Ms. Robinson, President of Ireland from
1990 to 1997, has outstanding legal qualifications
and has worked in the area of human rights
with special expertise in constitutional
and European human rights law. She became
a member of the English Bar (Middle Temple)
in 1973. She served as a member of the International
Commission of Jurists (1987-1990) and of
the Advisory Commission of Inter-Rights
(1984-1990).
Among the numerous international activities
relating to human rights in which she participated,
Ms. Robinson served as Special Rapporteur
to the Interregional Meeting organized in
1993 by the Council of Europe on the theme
"Human rights at the Dawn of the 21st
Century", as part of its preparation
for the 1993 Vienna World Conference on
Human Rights.

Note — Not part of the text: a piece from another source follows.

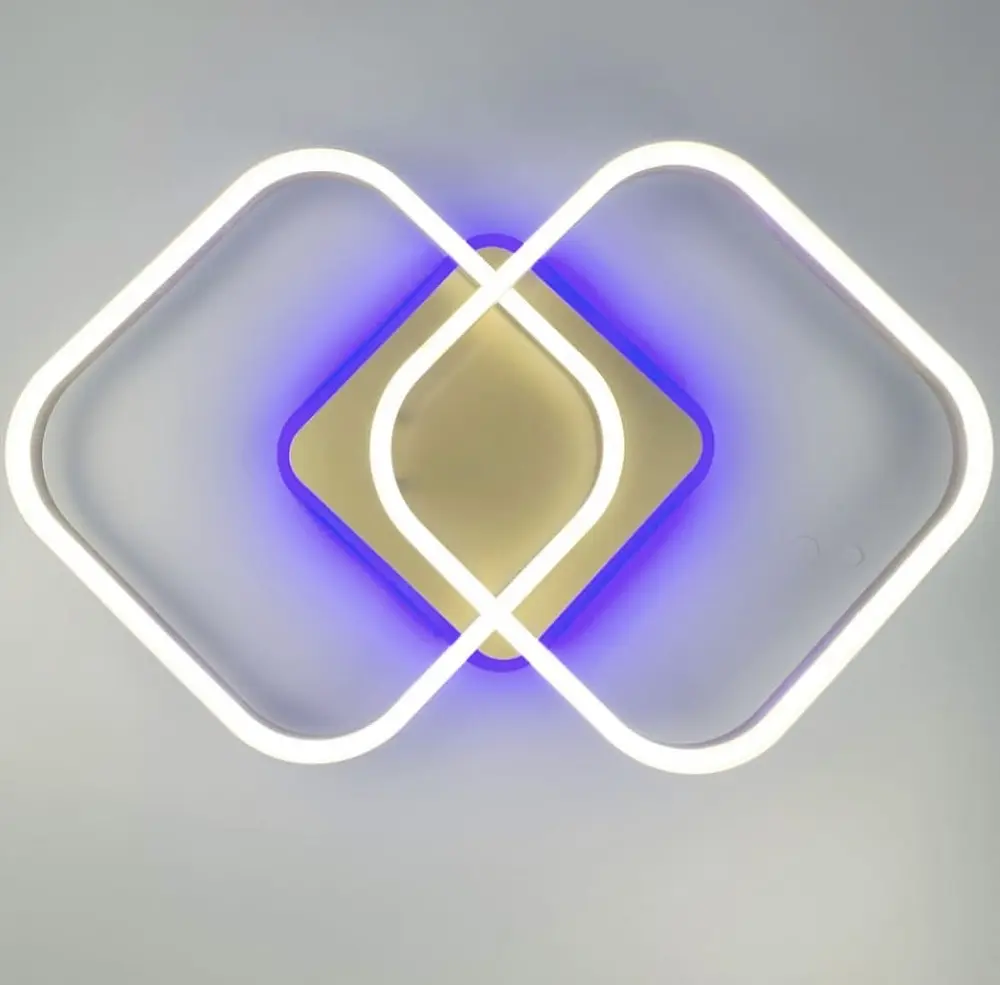 Потолочная LED люстра на 2 рожка квадратной формы с цветной RGB подсветкой на основе | Ст. A 55071/2 | Line F - фото 2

She delivered the keynote
address at the Council of Europe preparatory
meeting for the Beijing Fourth World Conference
on Women.
President Robinson was the first Head of
State to visit Rwanda in the aftermath of
the genocide there and made two further
visits, the most recent to address the Pan-African
Conference on "Peace, Gender and Development".
While in Rwanda she met representatives
of, and was briefed by, agencies on the
ground, as well as by the United Nations
Human Rights Monitors. She was also the
first Head of State to visit the International
Criminal Tribunal for the Former Yugoslavia,
as well as the first Head of State to visit
Somalia following the crisis there in 1992.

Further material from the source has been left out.